Der Russlandexperte Gerhard Mangott gibt sich überzeugt, dass der Anschlag auf die Moskauer Metro das Werk nordkaukasischer Islamisten ist

Der Russlandexperte Gerhard Mangott vom Innsbrucker Institut für Politikwissenschaften erklärt im Gespräch mit derStandard.at die Hintergründe des Doppelanschlags auf die Moskauer Metro. Dass die Spur in den Nordkaukasus führt, scheint ihm sicher.

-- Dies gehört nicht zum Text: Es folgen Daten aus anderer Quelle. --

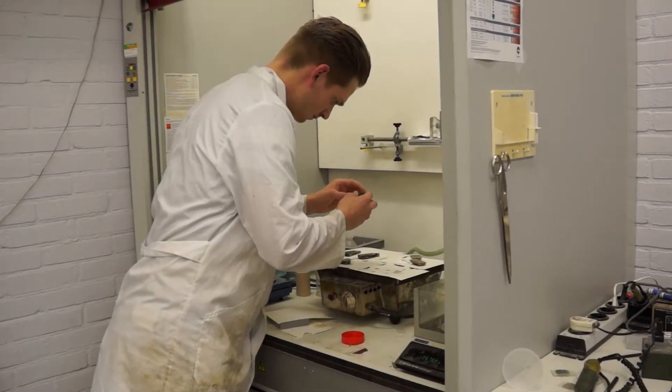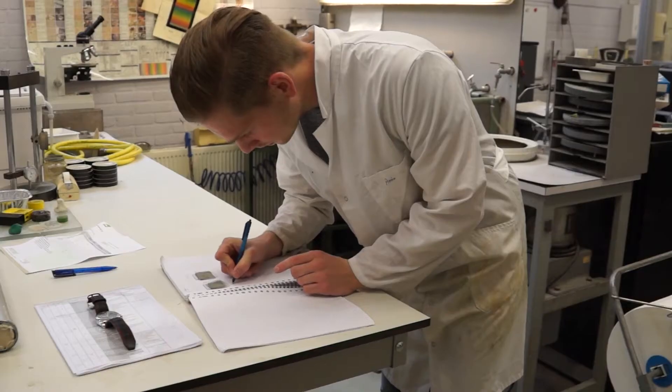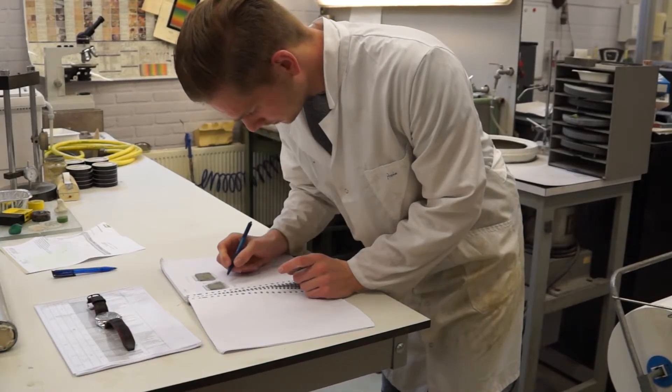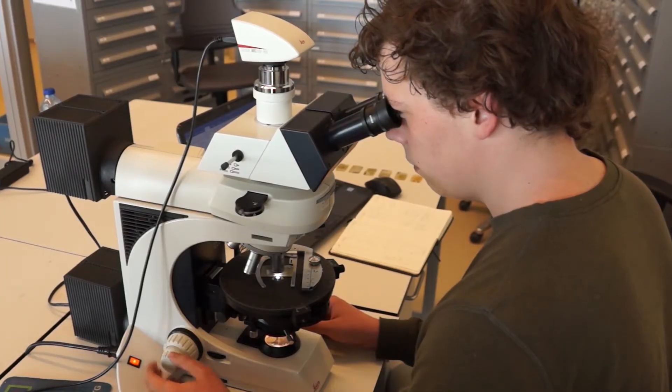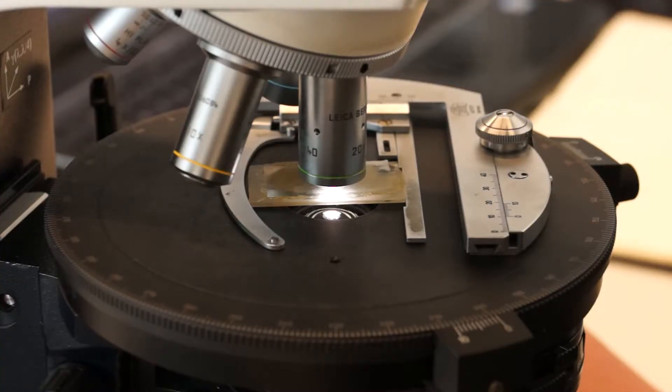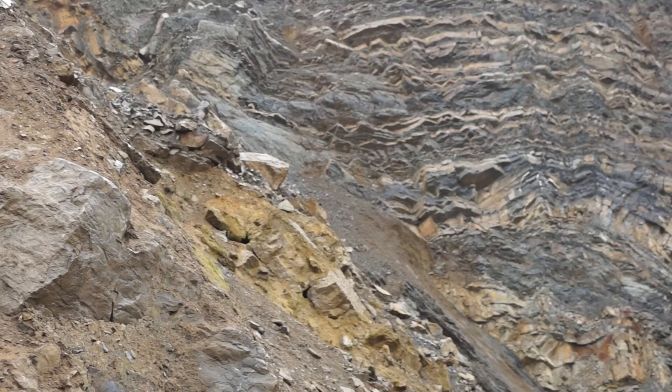The subsurface is very uncertain to us — it's very deep, we cannot access it — but we need to understand it better in order to safely and effectively produce any resource that we might be interested in from the subsurface.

derStandard.at: Der Vorsitzende des Sicherheitsausschusses der Staatsduma vermutet, es handle sich bei dem Anschlag um eine Racheaktion nordkaukasischer Terroristen für die Tötung eines ihrer Kader. Was war Ihre erster Gedanke?

Gerhard Mangott: Es spricht vieles für diese These. Bei dem von Sondereinheiten des Inlandsgeheimdienstes getöteten Mann handelte es sich um einen ethnischen Russen, der für technische Operationen wie lokale Anschläge zuständig war. Das kann natürlich ein Anlassfall sein, noch einmal deutlich zu machen, dass man trotz aller lokaler und föderaler Maßnahmen jederzeit in der Lage ist, sich zu restrukturieren und auch außerhalb des nördlichen Kaukasus solche Operationen durchzuführen. Der Anschlag selbst macht deutlich, dass die Terroristen ein Signal an die politische Führung und die Bevölkerung senden wollten, dass der Konflikt im Nordkaukasus auch nach nunmehr 19 Jahren nicht gelöst werden konnte. 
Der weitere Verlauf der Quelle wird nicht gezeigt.